Kirov Saga: PARADOX HOUR By John Schettler

“Mother Time is a dressmaker specializing in alterations.”

— Faith Baldwin

Author’s Note:

For readers who might be dropping in without having taken the journey here from book one in the Kirov Series, this is the story of a Russian modern day battlecruiser displaced in time to the 1940s and embroiled in WWII. Their actions over the many episodes have so fractured the history, that they now find themselves in an alternate retelling of those events. In places the history is remarkably true to what it once was, in others badly cracked and markedly different. Therefore, events in this account of WWII have changed. Operations have been spawned that never happened, like the German attack on Gibraltar, and others will be cancelled and may never occur, like Operation Torch. And even if some events here do ring true as they happened before, the dates of those campaigns may be changed, and they may occur earlier or later than they did in the history you may know.

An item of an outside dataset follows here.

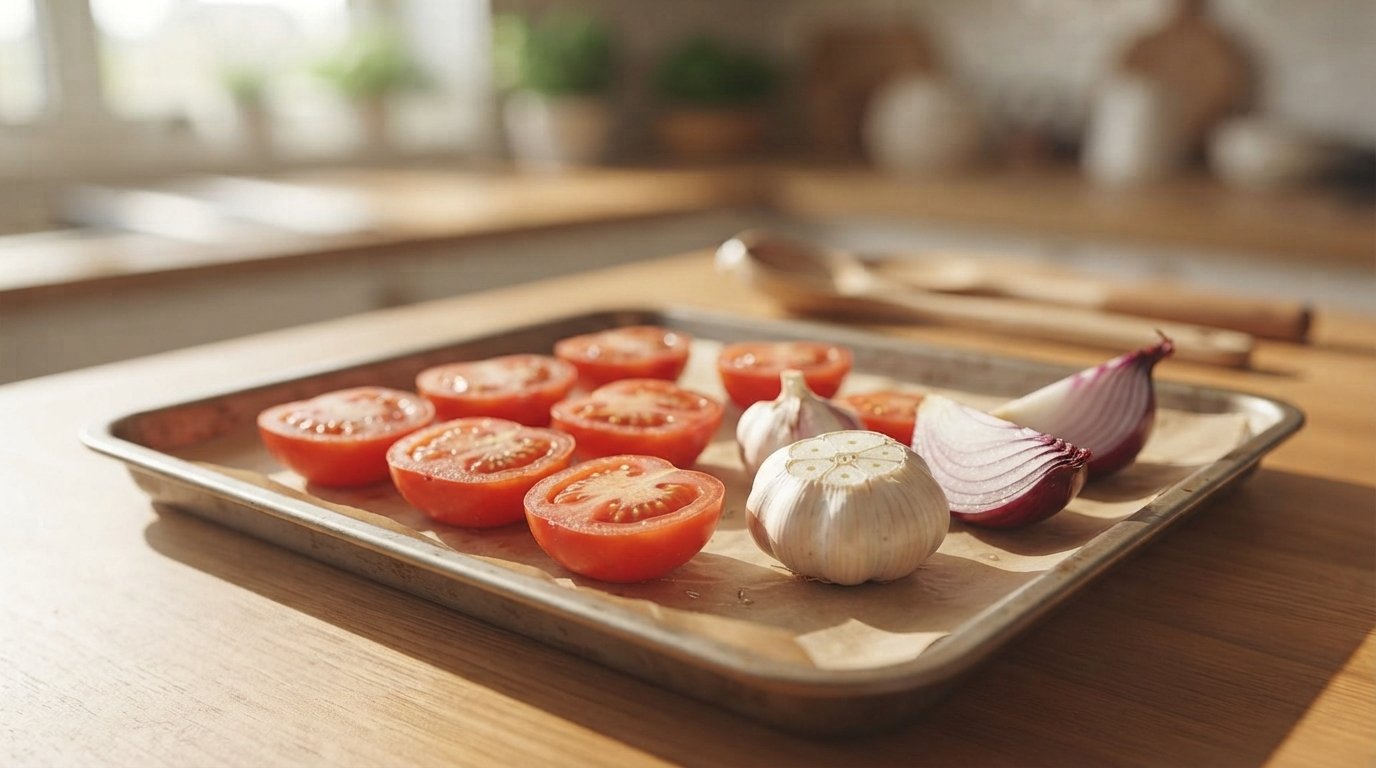 Tomates partidos por la mitad, una cabeza de ajo entera y cebolla en cuartos sobre una bandeja, antes de cocinar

This alternate history began in Book 9 of the series, entitled Altered States, and you would do well to at least back step and begin your journey there if you are interested in the period June 1940 to July 1941, which is covered in books 9 through 16 in the series. That time encompasses action in the North Atlantic, the battle of Britain, German plans and decisions regarding Operations Seelöwe and the attack on Gibraltar in Operation Felix. Action against the French fleet at Mers-el-Kebir and Dakar is covered, along with O’Connor’s offensive in North Africa, and the coming of Rommel. The little known British campaigns in Syria and Iraq get a good deal of attention, and other events in Siberia occur that serve as foundations for things that will happen later in the series.

To faithful crew members, my readers who have been with me from the first book, this volume stands as the sequel to the Grand Alliance Trilogy and also concludes the second eight volume “Altered States” saga in the series. It will take the action to the eve of that fateful day and hour on July 28, 1941, when Kirov first displaced in time.